What is the smallest n-gon such that there can be an interior point further from all boundary points than the points are from each of their neighbors?

Question

This is a "sequel" question to What is the maximum n-gon such that there can't be an interior point further from all boundary points than the boundary points are from each other?

In the previous question I asked:

Given a polygon with n vertices, how small can n be before it is impossible to have an interior point p such that the distance from any vertex b to p is greater than the distance from b to its nearest adjacent vertex, b'?

For example, for any triangle, it seems that an interior point will be closer to at least one vertex than that vertex is to its nearest neighbor.

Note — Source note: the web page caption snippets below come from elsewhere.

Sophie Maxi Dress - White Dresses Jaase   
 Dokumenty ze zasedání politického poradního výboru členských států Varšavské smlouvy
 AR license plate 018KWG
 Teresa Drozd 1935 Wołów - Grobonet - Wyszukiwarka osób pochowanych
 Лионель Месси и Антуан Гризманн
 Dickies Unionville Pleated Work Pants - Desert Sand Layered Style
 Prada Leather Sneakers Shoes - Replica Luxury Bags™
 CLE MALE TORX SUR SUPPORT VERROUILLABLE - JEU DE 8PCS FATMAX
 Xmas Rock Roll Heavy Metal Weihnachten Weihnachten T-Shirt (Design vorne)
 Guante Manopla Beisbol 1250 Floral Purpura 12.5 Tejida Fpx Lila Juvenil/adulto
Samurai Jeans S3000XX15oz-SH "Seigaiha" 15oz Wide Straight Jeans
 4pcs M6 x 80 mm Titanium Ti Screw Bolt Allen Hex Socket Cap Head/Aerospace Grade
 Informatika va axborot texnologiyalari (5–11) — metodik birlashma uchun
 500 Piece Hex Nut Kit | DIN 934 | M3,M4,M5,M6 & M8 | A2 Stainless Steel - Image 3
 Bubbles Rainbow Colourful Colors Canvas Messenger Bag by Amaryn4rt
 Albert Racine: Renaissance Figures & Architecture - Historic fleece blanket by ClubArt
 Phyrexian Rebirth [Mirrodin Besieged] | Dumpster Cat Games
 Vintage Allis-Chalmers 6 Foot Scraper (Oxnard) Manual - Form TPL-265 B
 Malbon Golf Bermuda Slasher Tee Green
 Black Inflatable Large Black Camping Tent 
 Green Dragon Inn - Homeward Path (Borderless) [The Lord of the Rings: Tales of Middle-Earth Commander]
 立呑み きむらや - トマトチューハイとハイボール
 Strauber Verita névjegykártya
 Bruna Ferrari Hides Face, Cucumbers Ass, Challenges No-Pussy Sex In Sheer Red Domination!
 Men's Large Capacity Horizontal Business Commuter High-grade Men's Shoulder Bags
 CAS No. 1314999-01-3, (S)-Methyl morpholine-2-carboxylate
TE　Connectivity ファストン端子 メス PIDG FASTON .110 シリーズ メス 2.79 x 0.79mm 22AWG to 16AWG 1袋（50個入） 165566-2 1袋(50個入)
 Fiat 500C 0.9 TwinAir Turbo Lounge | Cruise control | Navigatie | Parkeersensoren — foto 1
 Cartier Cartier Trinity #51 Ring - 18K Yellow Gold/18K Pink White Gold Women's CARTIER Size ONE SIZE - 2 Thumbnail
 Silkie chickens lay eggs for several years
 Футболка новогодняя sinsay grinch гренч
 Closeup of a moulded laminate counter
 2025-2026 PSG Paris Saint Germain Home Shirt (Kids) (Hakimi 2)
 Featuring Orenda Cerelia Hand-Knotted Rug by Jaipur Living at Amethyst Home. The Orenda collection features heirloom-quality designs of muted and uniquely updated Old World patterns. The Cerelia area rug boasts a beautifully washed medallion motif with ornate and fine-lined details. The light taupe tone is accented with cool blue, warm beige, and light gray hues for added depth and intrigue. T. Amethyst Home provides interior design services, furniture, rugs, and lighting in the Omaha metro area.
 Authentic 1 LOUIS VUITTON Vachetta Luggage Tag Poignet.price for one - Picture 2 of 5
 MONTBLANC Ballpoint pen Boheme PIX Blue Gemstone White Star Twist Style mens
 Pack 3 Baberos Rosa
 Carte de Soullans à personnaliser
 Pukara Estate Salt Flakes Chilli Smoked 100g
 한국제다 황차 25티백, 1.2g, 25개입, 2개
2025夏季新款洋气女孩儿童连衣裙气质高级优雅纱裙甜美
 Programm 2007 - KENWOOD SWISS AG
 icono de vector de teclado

From my own inspection, it seems like the answer might be 6 - a regular hexagon is the first shape for which a point at the center is the same distance from each vertex as the vertices are from their nearest neighbors.

However, I can't figure out how to formulate a rule, or apply the intuition from the regular hexagon to irregular shapes.

For my use case, it would be useful to know "below n vertices, there is no way to have such an interior point."

My updated question is: how small can $n$ be before it is impossible to have a point $p$ such that the distance from any vertex $b$ to $p$ is greater than the distance from $b$ to either of its adjacent vertices, $b'$?

Answer 1

Let $A$ and $B$ be a pair of consecutive vertices and $P$ be the point in question. If $PA$ and $PB$ are both longer than $AB$, then angle $P$ in triangle $ABP$ has to measure less than $60°$. To make up a full revolution there have to be seven or more different angles of this type at $P$, each opposite a different side of the polygon.

So there are no candidates with fewer than seven sides. But the center of a regular heptagon is farther from the vertices than the length of any side making seven sides a sharp lower bound.